- TASK INSTRUCTIONS -
Write out exactly, please, every line from the beginning of the entries to the line holding "Close-up of roasted", and no pictures.

SUPPLIED DATA START

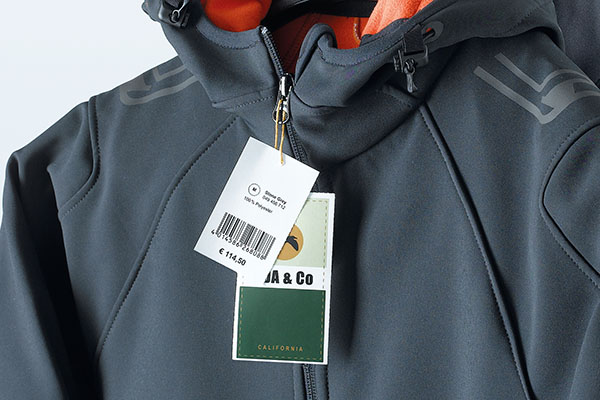Étiquettes suspendues imprimées en couleur avec indication de prix et de produit, sur une veste softshell grise.
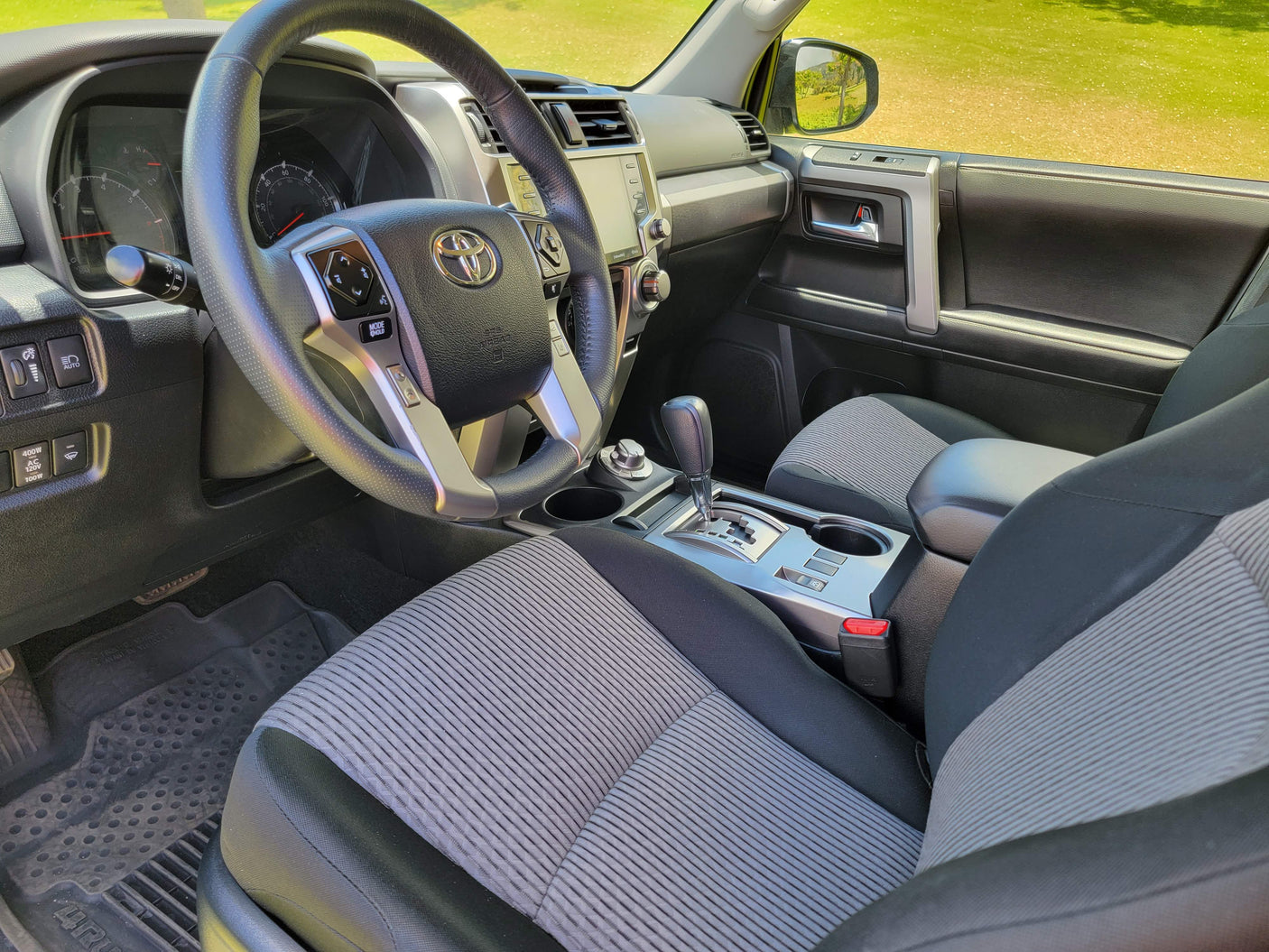 Interior view of a modern SUV's driver side, showing the steering wheel, dashboard, shifter, and fabric seats. Great for an rv rental adventure.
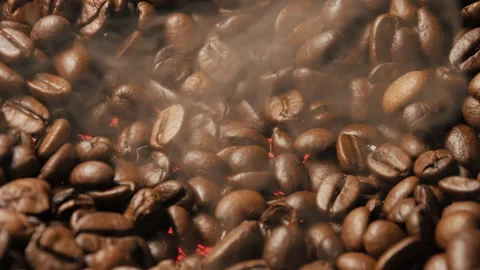 Close-up of roasted coffee beans. Smoke rises from the coffee beans. Stock Footage 263065613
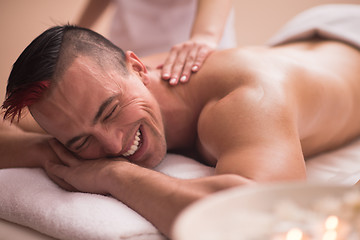 Image showing young man having a back massage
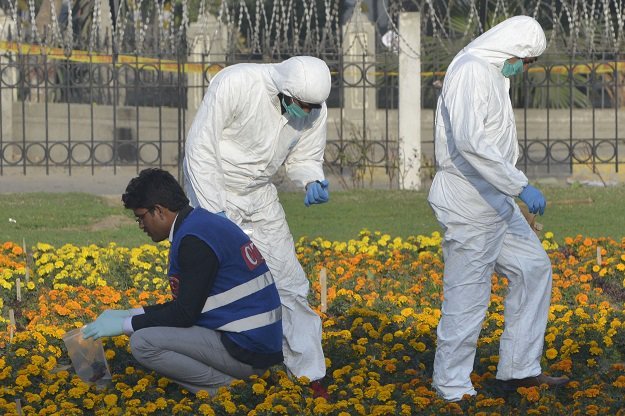 security officials collect evidence at the site of a suicide bombing in lahore on february 14 2017 photo afp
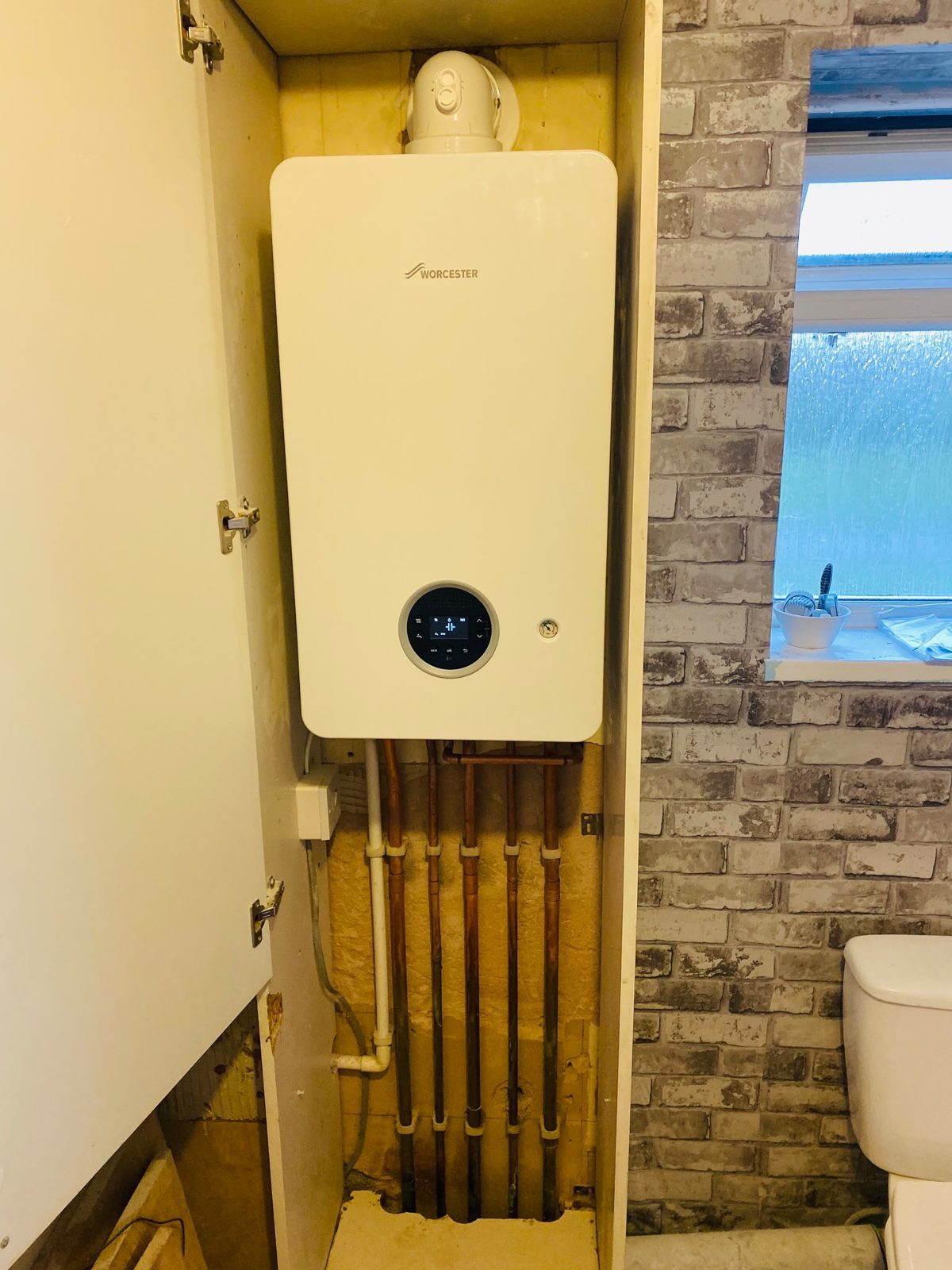 Worcester Greenstar 2000 boiler installed inside an existing cupboard in Stockwood, Bristol, with copper pipework beneath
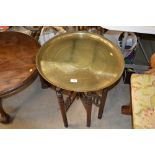 An Eastern brass tray top table raised on folding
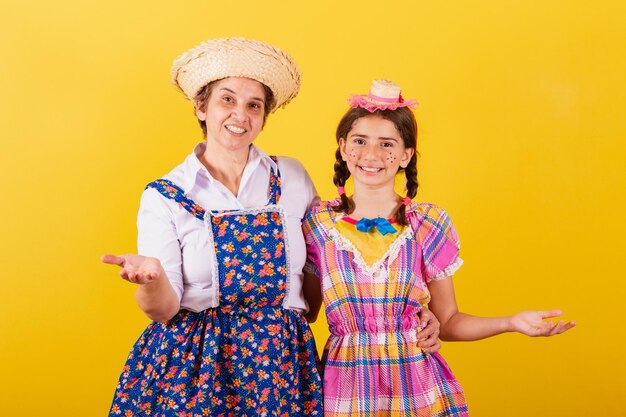 Avó e neta vestidas com roupas típicas da Festa Junina Bem-vindo convidando a sorrir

SUPPLIED DATA END

- SOLUTION FOR THIS EXERCISE -
Étiquettes suspendues imprimées en couleur avec indication de prix et de produit, sur une veste softshell grise.
 Interior view of a modern SUV's driver side, showing the steering wheel, dashboard, shifter, and fabric seats. Great for an rv rental adventure.
 Close-up of roasted coffee beans. Smoke rises from the coffee beans. Stock Footage 263065613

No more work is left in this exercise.